Wild life in Mafra

June 1, 2014 § Leave a comment

TapadaMafra2

When the Portuguese kings and queens stayed at the Mafra Palace, they enjoyed hunting at a local game reserve called Tapada de Mafra. The Tapada is now a national park that offers many fun activities for kids. There are train rides, donkey rides, archery lessons, and falconry demonstrations. You can see deer, wild boar, foxes, and other animals in their natural habitat.

Our favorite activity at Tapada is taking horse-ridding lessons. A 30-minute lesson costs only 5 euros. But riding an elegant horse in the beautiful Tapada grounds, always makes us feel like royalty.

 

Click here for the Tapada’s web site. Mafra is an easy 40 km drive from Lisbon on the A8 highway. Horse-ridding lessons are offered between 9:30 am and 12:00 pm.

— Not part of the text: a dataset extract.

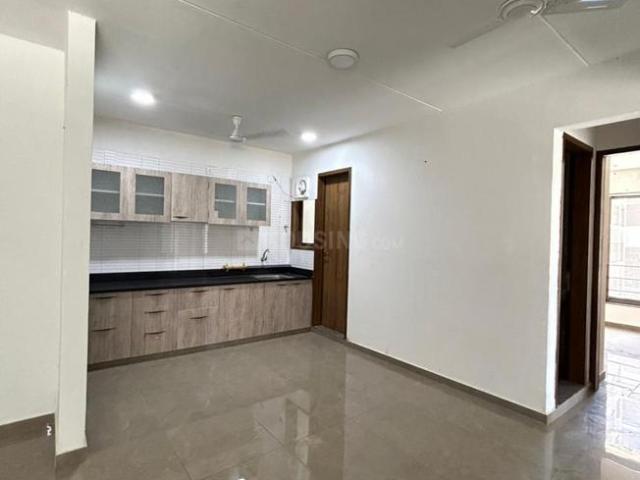 3.5 BHK Apartment in Vaishno Devi Circle for rent Ahmedabad. The reference number is 20360065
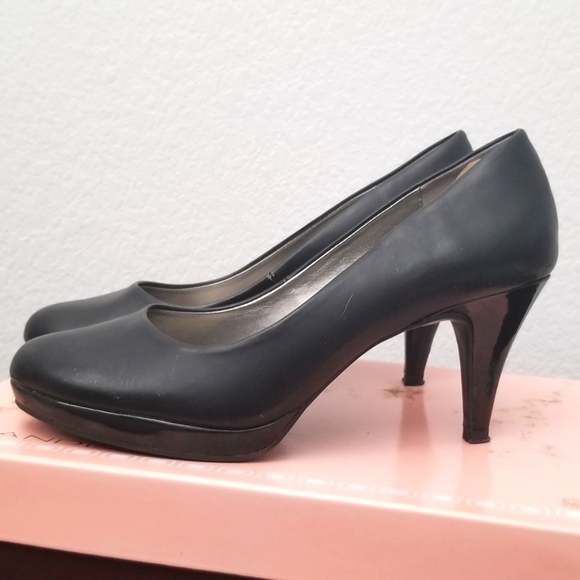 Shoes - Classic Black Pumps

It is a good idea to call in advance to make reservations (Tel. 261 81 4240 or reservas@tapadademafra.pt).

The art of seeing

May 29, 2014 § Leave a comment

Pedras na praia

We can be artists without drawing, painting, dancing or playing music. All we need is to see the world with child-like wonder. Here’s how Lourdes de Castro, a great Portuguese artist, demonstrates the art of seeing:

“When the tide is low, I hear the sound of the waves pouring over the stones, rolling them day and night, for years, centuries until pieces of basalt become smooth. A pebble is a work of art!”

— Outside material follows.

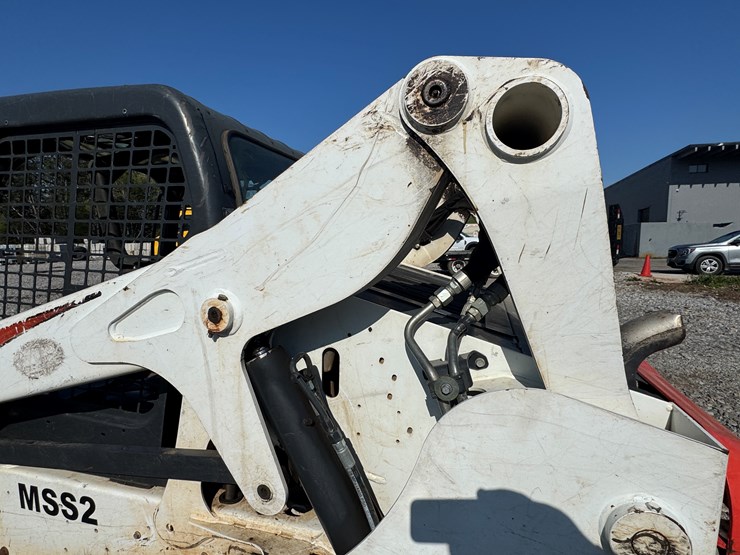 bobcat-t550-image-32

Portugal’s landscape is an immense canvas inviting you to become an artist. Come and see!

A memorable sandwich

May 26, 2014 § Leave a comment

Sandes de leitão da Mealhada

The Earl of Sandwich is credited with the idea of placing food inside two slices of bread. But it was Portuguese peasants who turned this aristocratic whim into something sublime.

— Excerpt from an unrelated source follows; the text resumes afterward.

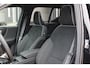 Volvo XC40 B4 Automaat Plus Black Edition | Panoramadak met schuif-/kantelfunctie | Elektrisch verstelbare en verwarmbare voorstoelen | Stuurverwarming | Premium audio by Harman Kardon |  360° Parkeercamera |  Microtech/Nubuck Bekleding | 20 inch lichtmetalen Velgen | Keyless | Elektrische Achterklep | Volvo UX Infotainment | Adaptieve Cruise Control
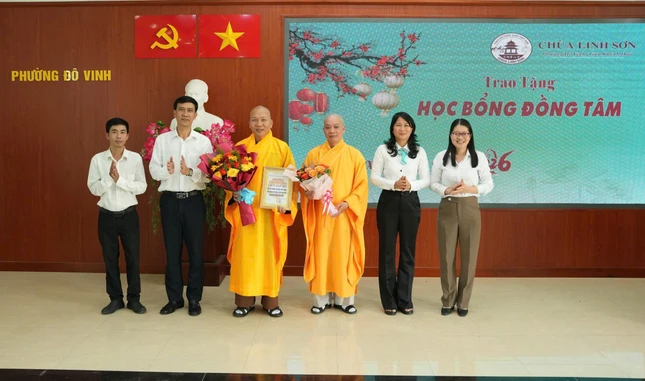 Lãnh đạo chính quyền phường Đô Vinh tặng thư tri ân chư tôn đức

In ancient times, peasants in Mealhada, a town in the Bairrada region, used to offer their largest pigs to the nobles who owned the land. The peasants were left with small pigs called “leitão” (“laytaoum”).  They roasted them in wood ovens, seasoned with garlic, bay leaves, olive oil, and plenty of white pepper. The meat, cut into slices and served inside country bread, produced amazing sandwiches.

One of our favorite side trips from Lisbon is to drive the 90 km to Mealhada to enjoy a freshly-made “leitão” sandwich, accompanied with local sparkling wine. On the way there, we visit the beautiful Batalha monastery. On the return, we stop by the enchanting Bussaco Palace for coffee and pastry. The delicious food and beautiful scenery always make for memorable trips.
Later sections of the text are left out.